● **PROBLEM**
Transcribe every record verbatim; no pictures.

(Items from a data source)
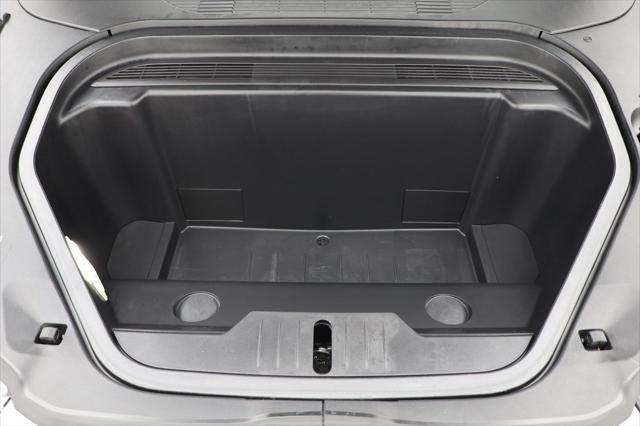 Photo of 2021 Iconic Silver Metallic Ford Mustang Mach-E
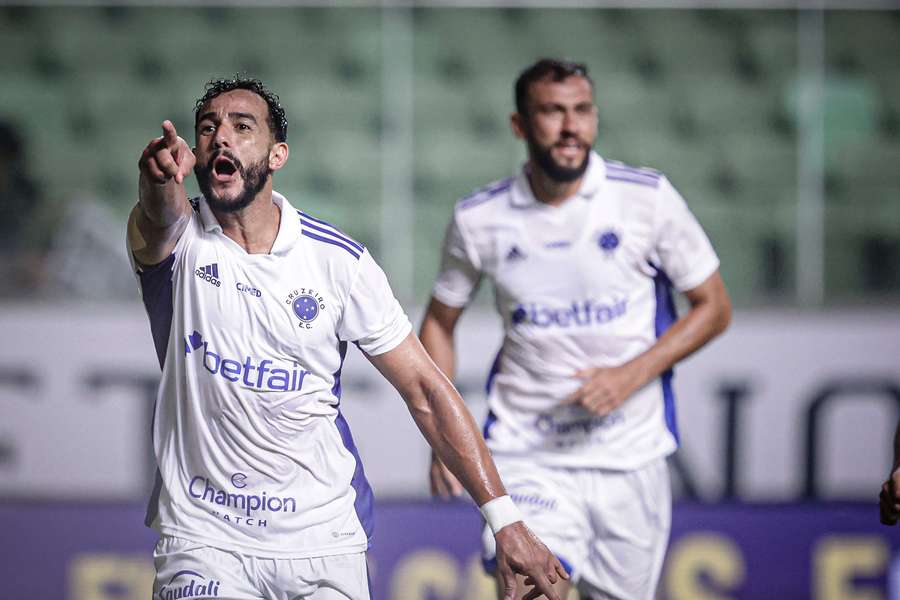 Henrique Dourado fez o primeiro da vitória cruzeirense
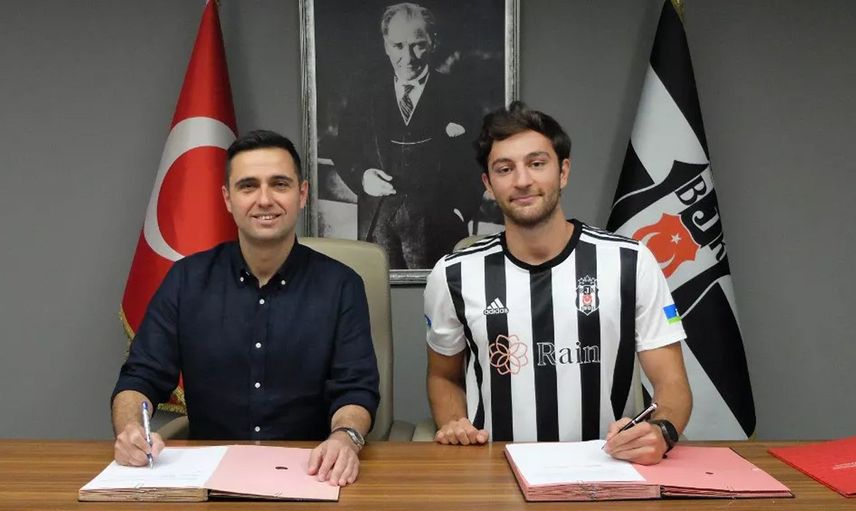 Emrecan Uzunhan: Beşiktaş ile sözleşme imzalarken heyecandan ellerim titredi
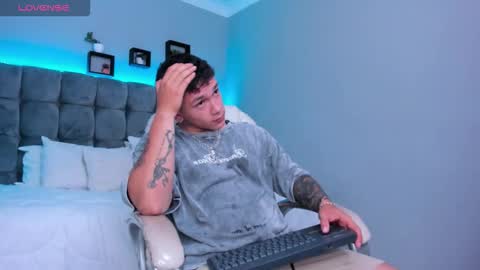 Snapshot of thomas_moon_ chatting on February 3, 2026, 12:10 pm Thomas online show from February 3, 2026, 12:10 pm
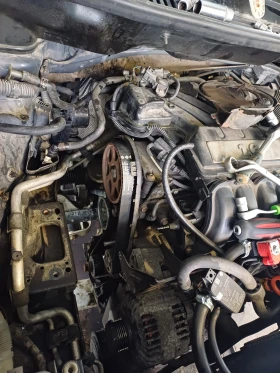 VW Touran 1.6I-102KC-Газ - 3700 € / 7236.57 лв. - 12127120 14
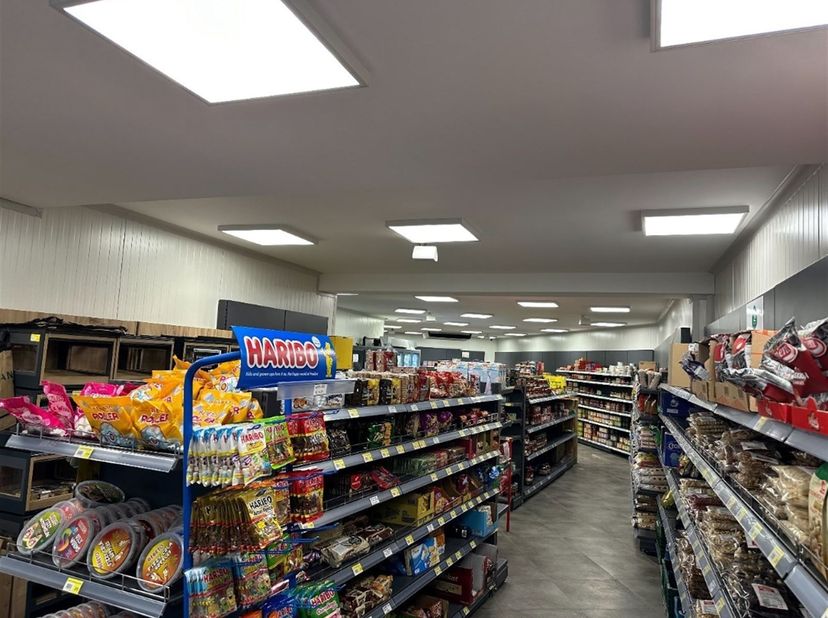 Espace commercial moderne de 154m² - très bien situé près du centre de Beverlo<br />
<br />
Cet espace commercial de 154m² récemment rénové est stra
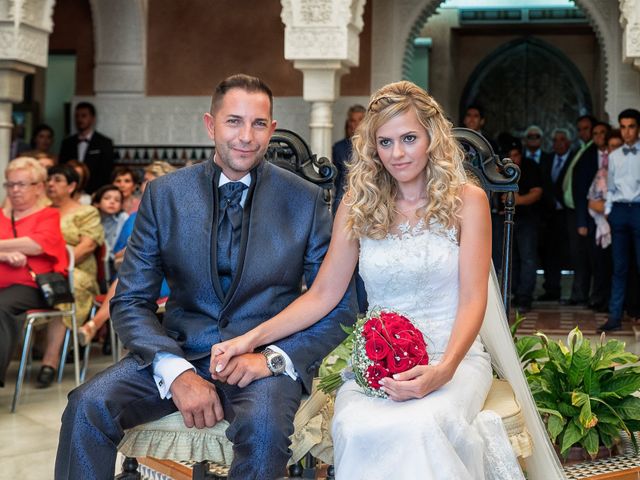 La boda de Juan Manuel y Davinia en Torremolinos, Málaga 38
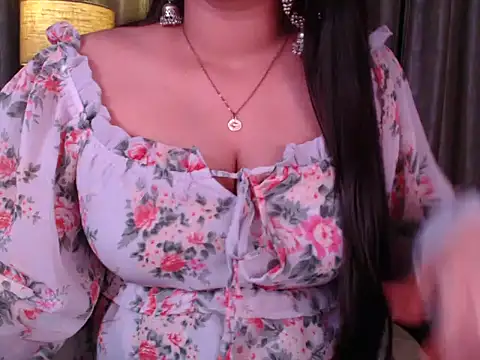 Snapshot of Sexy_Myra18 chatting on November 2025 04:34:01 AM Sexy Myra18 online show from November 2025 04:34:01 AM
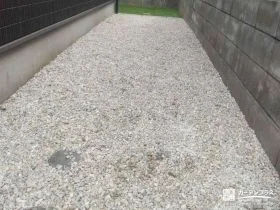 犬走りに防草シートと砂利を敷設して雑草対策[施工後]
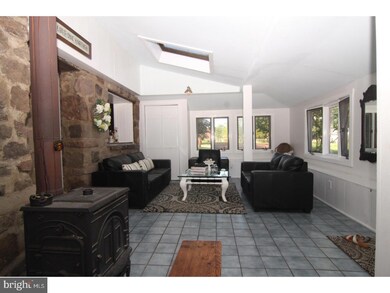 1064 Ellis Woods Rd, Pottstown, PA 19465 - photo 3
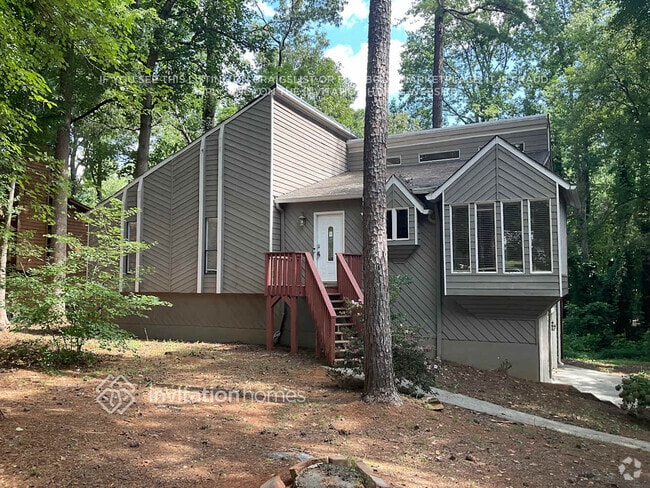 Building Photo - 261 Rustic Ridge Dr NE Rental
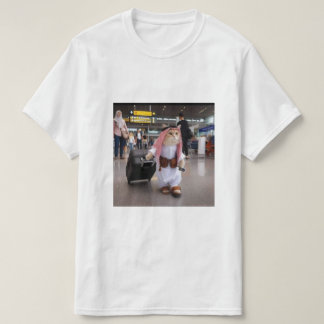 KAT KRIJGT EEN DEEL T-SHIRT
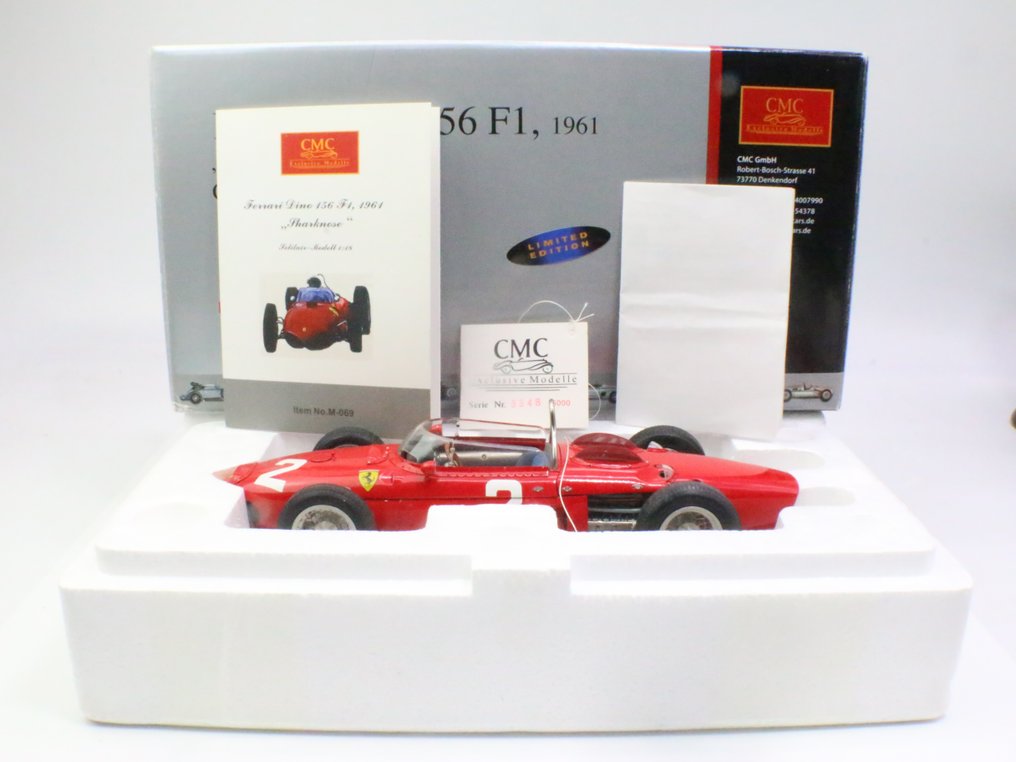 CMC 1:18 - Modellino di auto - Ferrari Dino 156 F1 Sharknose #2 GP Italien, Phill Hill - Assemblato a mano da 1450 parti singole #1.1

● **TASK ANSWER**
 Photo of 2021 Iconic Silver Metallic Ford Mustang Mach-E
 Henrique Dourado fez o primeiro da vitória cruzeirense
 Emrecan Uzunhan: Beşiktaş ile sözleşme imzalarken heyecandan ellerim titredi
 Snapshot of thomas_moon_ chatting on February 3, 2026, 12:10 pm Thomas online show from February 3, 2026, 12:10 pm
 VW Touran 1.6I-102KC-Газ - 3700 € / 7236.57 лв. - 12127120 14
 Espace commercial moderne de 154m² - très bien situé près du centre de Beverlo<br />
<br />
Cet espace commercial de 154m² récemment rénové est stra
 La boda de Juan Manuel y Davinia en Torremolinos, Málaga 38
 Snapshot of Sexy_Myra18 chatting on November 2025 04:34:01 AM Sexy Myra18 online show from November 2025 04:34:01 AM
 犬走りに防草シートと砂利を敷設して雑草対策[施工後]
 1064 Ellis Woods Rd, Pottstown, PA 19465 - photo 3
 Building Photo - 261 Rustic Ridge Dr NE Rental
 KAT KRIJGT EEN DEEL T-SHIRT
 CMC 1:18 - Modellino di auto - Ferrari Dino 156 F1 Sharknose #2 GP Italien, Phill Hill - Assemblato a mano da 1450 parti singole #1.1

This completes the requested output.